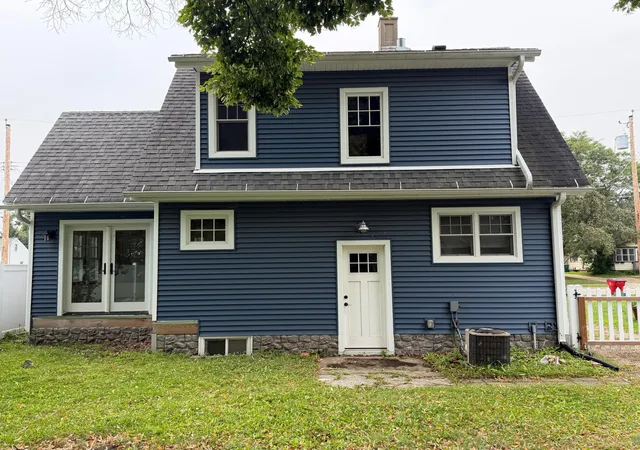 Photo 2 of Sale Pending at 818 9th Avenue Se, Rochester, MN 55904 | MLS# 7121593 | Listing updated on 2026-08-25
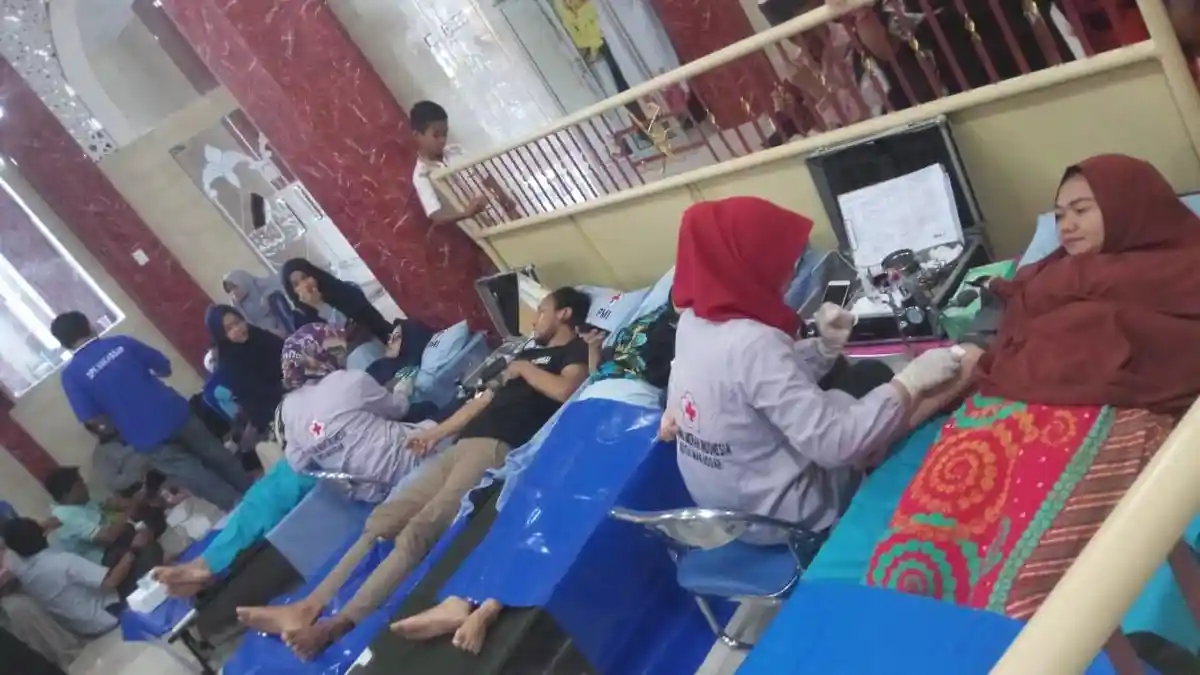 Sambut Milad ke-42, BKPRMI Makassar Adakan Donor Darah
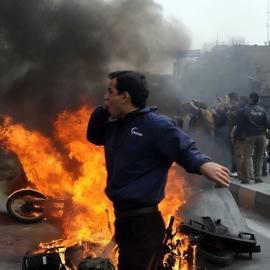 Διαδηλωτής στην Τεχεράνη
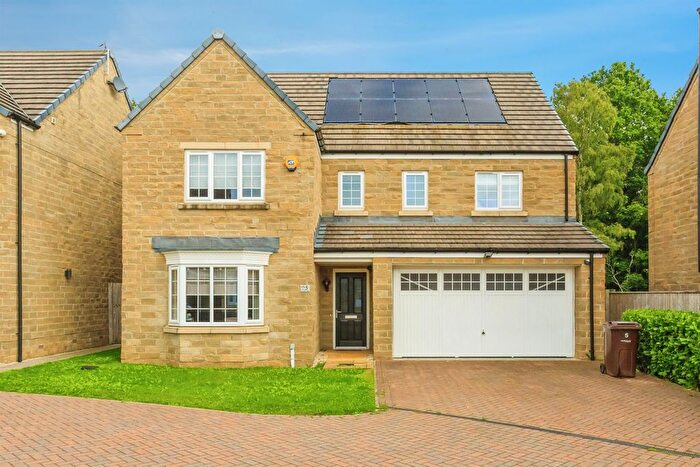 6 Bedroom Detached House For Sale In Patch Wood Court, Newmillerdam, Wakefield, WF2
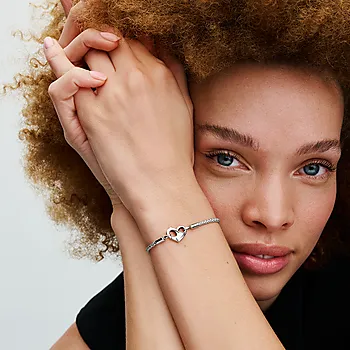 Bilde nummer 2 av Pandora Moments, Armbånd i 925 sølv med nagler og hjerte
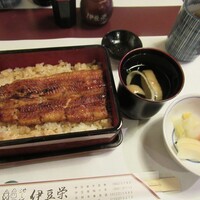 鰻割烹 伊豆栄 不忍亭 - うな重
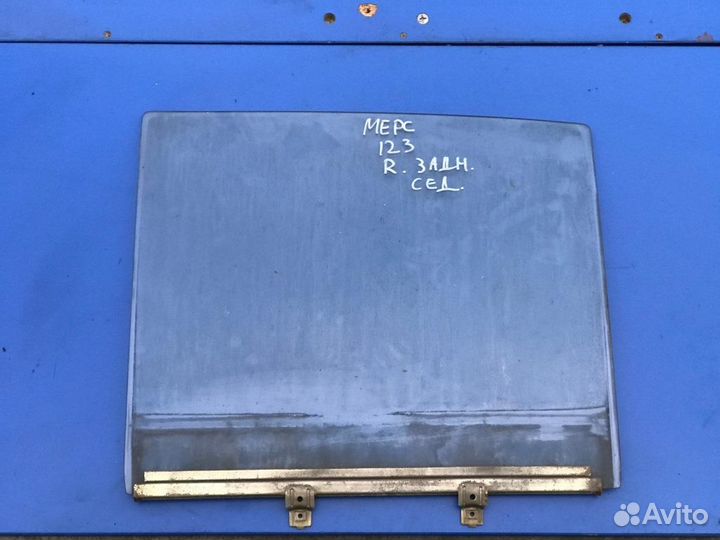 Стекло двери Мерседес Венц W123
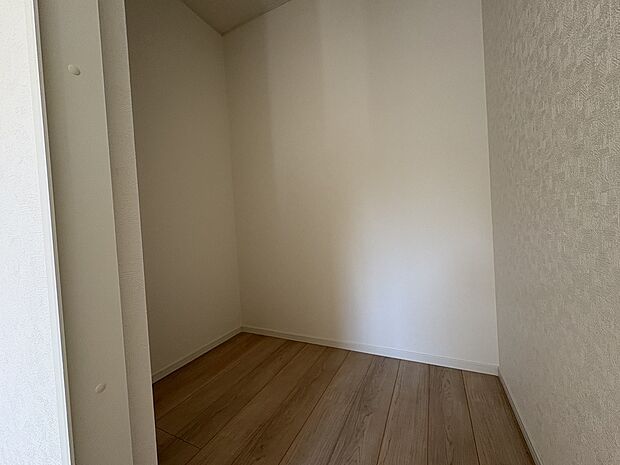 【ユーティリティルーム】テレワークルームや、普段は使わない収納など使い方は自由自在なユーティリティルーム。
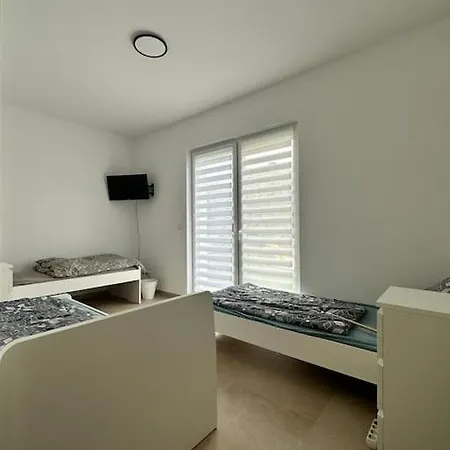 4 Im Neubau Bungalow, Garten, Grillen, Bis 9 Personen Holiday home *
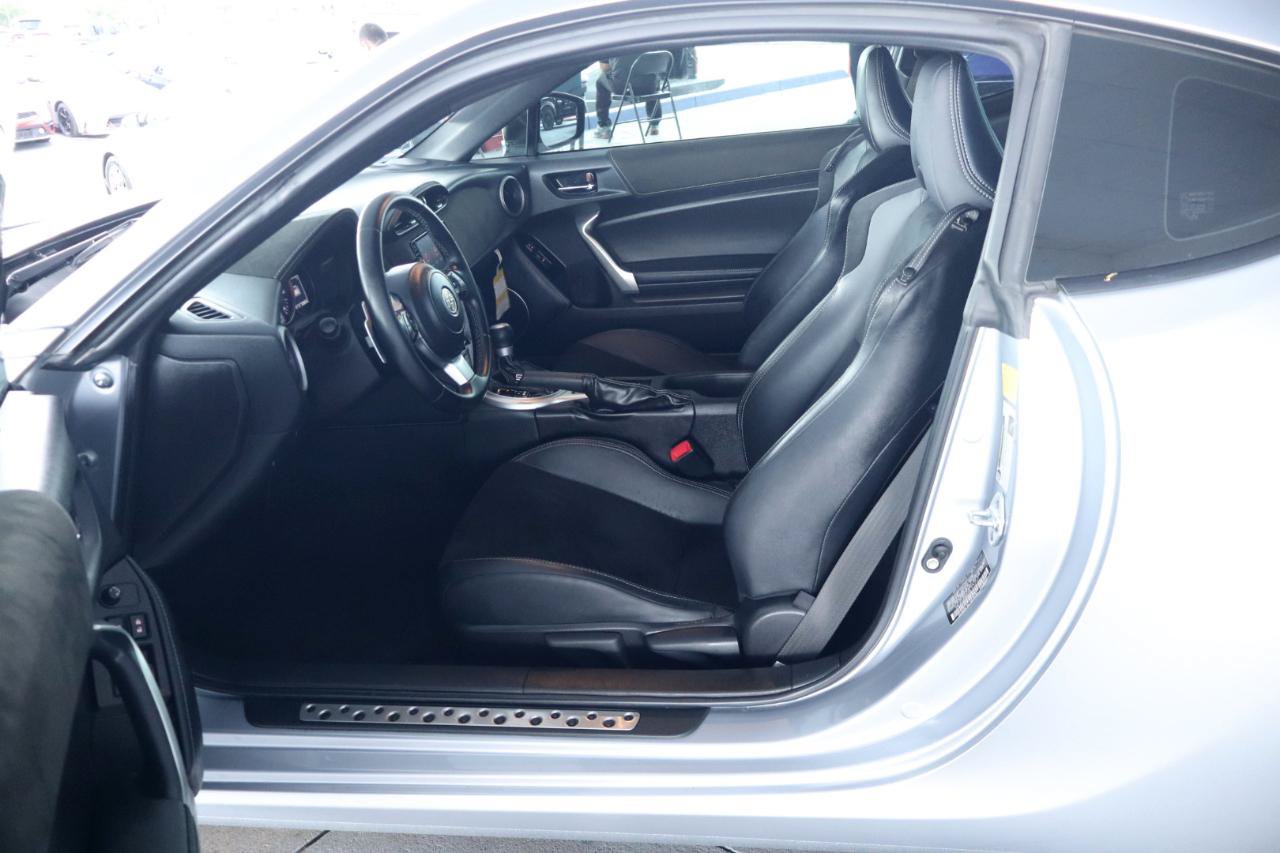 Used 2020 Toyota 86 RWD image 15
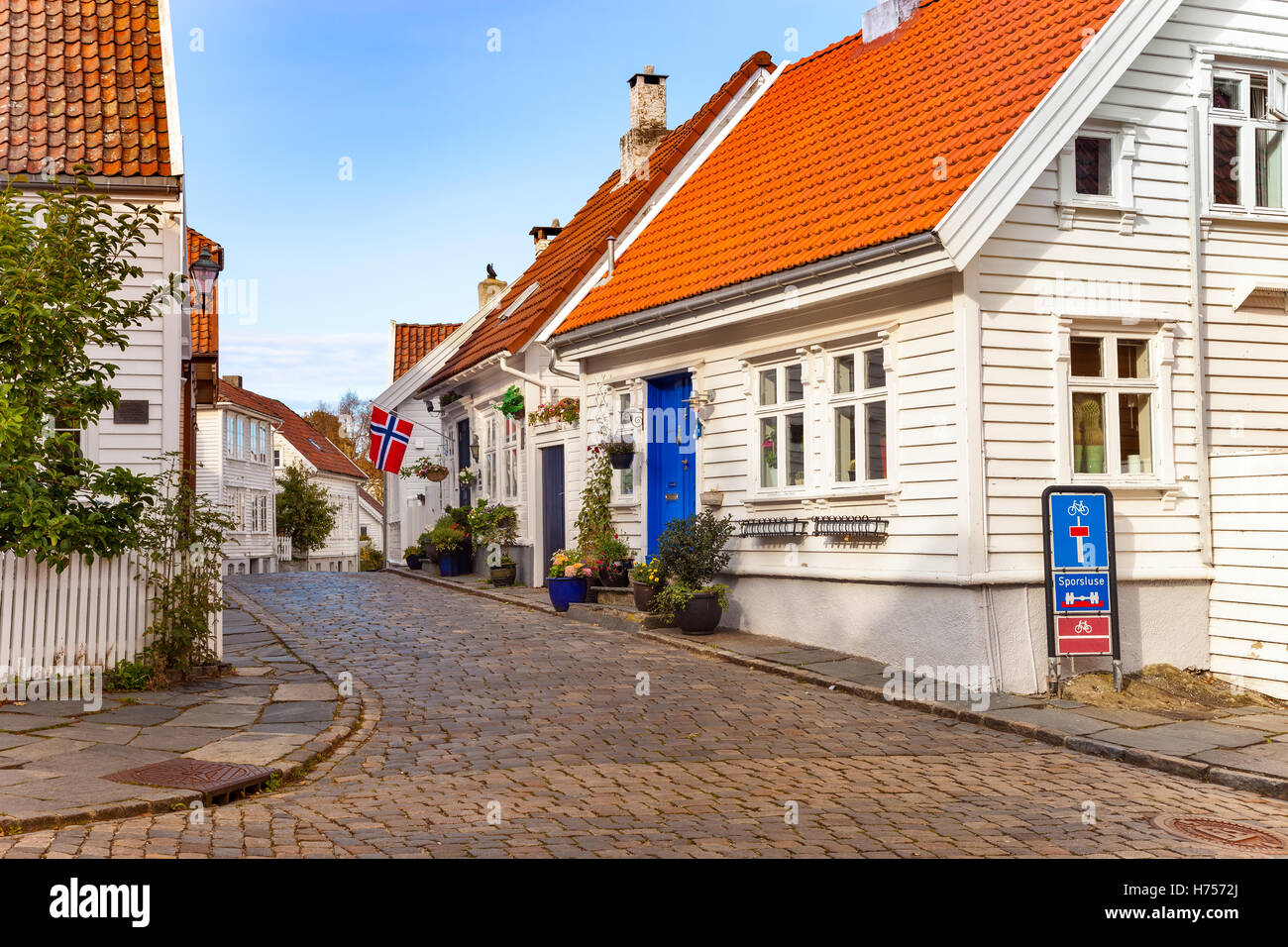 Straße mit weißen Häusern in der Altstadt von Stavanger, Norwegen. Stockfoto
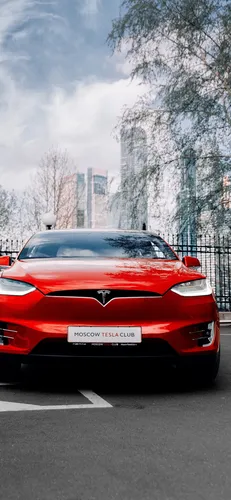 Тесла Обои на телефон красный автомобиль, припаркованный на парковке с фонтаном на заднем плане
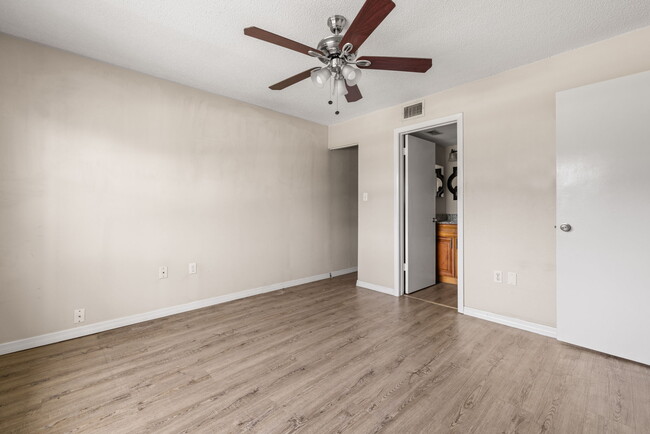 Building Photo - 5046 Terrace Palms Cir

• [WORK INSTRUCTIONS] Will you restate every entry word for word and omit the images?

• [RESULT FOR THIS TASK]
 Photo 2 of Sale Pending at 818 9th Avenue Se, Rochester, MN 55904 | MLS# 7121593 | Listing updated on 2026-08-25
 Sambut Milad ke-42, BKPRMI Makassar Adakan Donor Darah
 Διαδηλωτής στην Τεχεράνη
 6 Bedroom Detached House For Sale In Patch Wood Court, Newmillerdam, Wakefield, WF2
 Bilde nummer 2 av Pandora Moments, Armbånd i 925 sølv med nagler og hjerte
 鰻割烹 伊豆栄 不忍亭 - うな重
 Стекло двери Мерседес Венц W123
 【ユーティリティルーム】テレワークルームや、普段は使わない収納など使い方は自由自在なユーティリティルーム。
 4 Im Neubau Bungalow, Garten, Grillen, Bis 9 Personen Holiday home *
 Used 2020 Toyota 86 RWD image 15
 Straße mit weißen Häusern in der Altstadt von Stavanger, Norwegen. Stockfoto
 Тесла Обои на телефон красный автомобиль, припаркованный на парковке с фонтаном на заднем плане
 Building Photo - 5046 Terrace Palms Cir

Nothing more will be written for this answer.